*Requirement*. Before copying, set the pictures aside; then repeat every line below verbatim.

*Given data*.
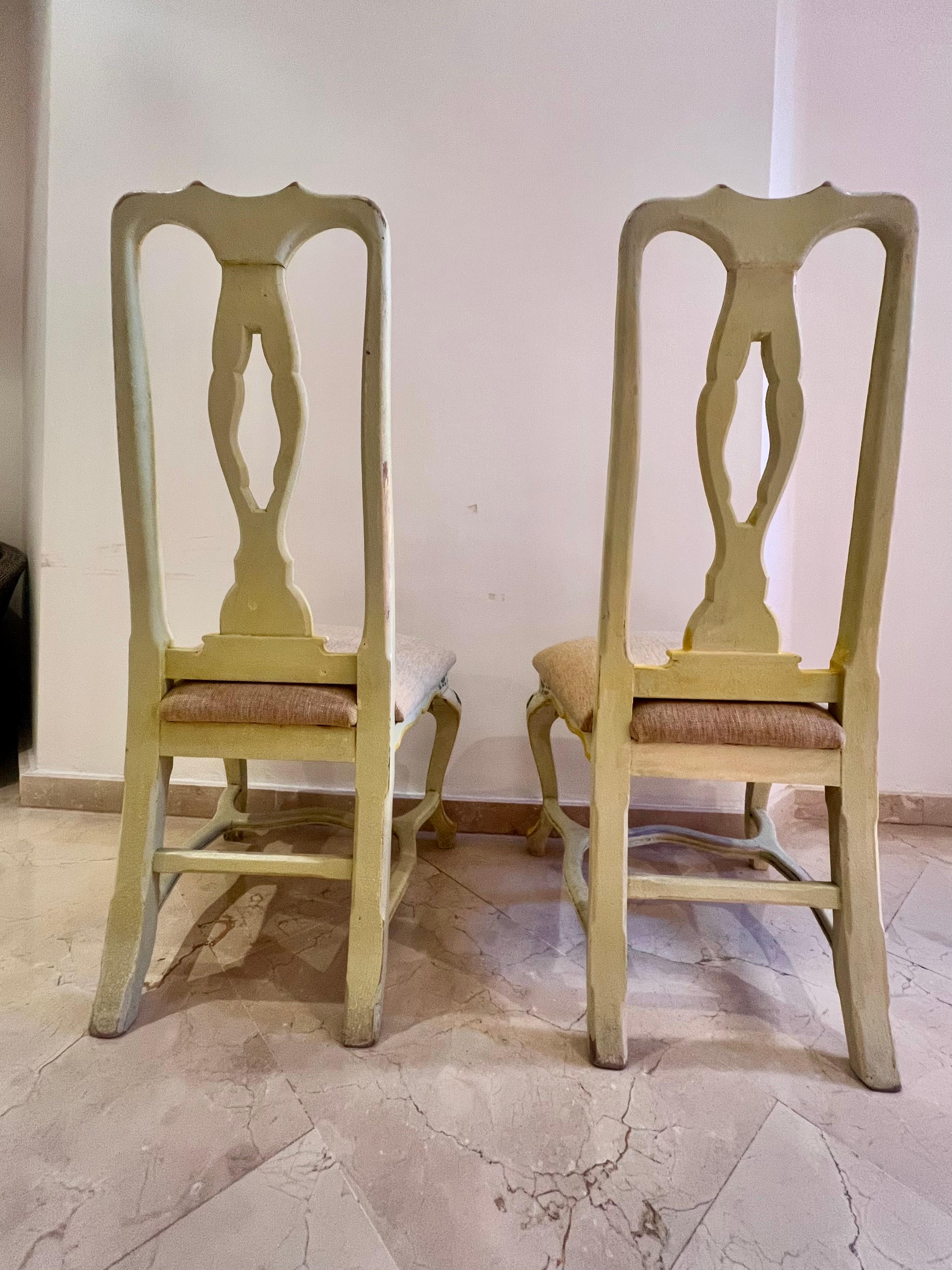 Set of two Andalusian chairs in yellow ocre polychrome wood with birds  For Sale 1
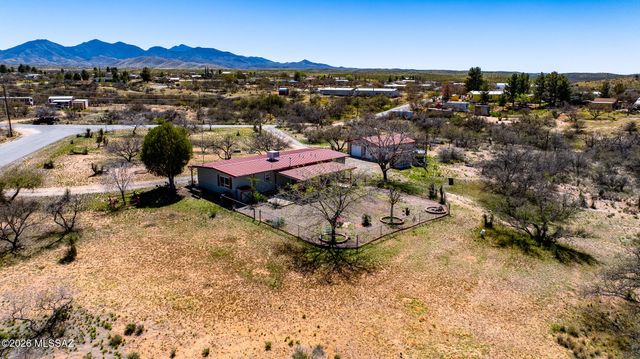 24261 E Shawnee Trail, Benson, AZ 85602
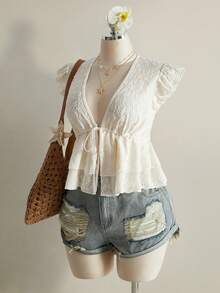 SHEIN ICON Áo thun nữ cỡ lớn màu trắng thắt nơ phía trước, viền bèo nhún, kiểu dáng đi nghỉ mát. - Màu be - Xem 5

*Answer to this exercise*.
 Set of two Andalusian chairs in yellow ocre polychrome wood with birds  For Sale 1
 24261 E Shawnee Trail, Benson, AZ 85602
 SHEIN ICON Áo thun nữ cỡ lớn màu trắng thắt nơ phía trước, viền bèo nhún, kiểu dáng đi nghỉ mát. - Màu be - Xem 5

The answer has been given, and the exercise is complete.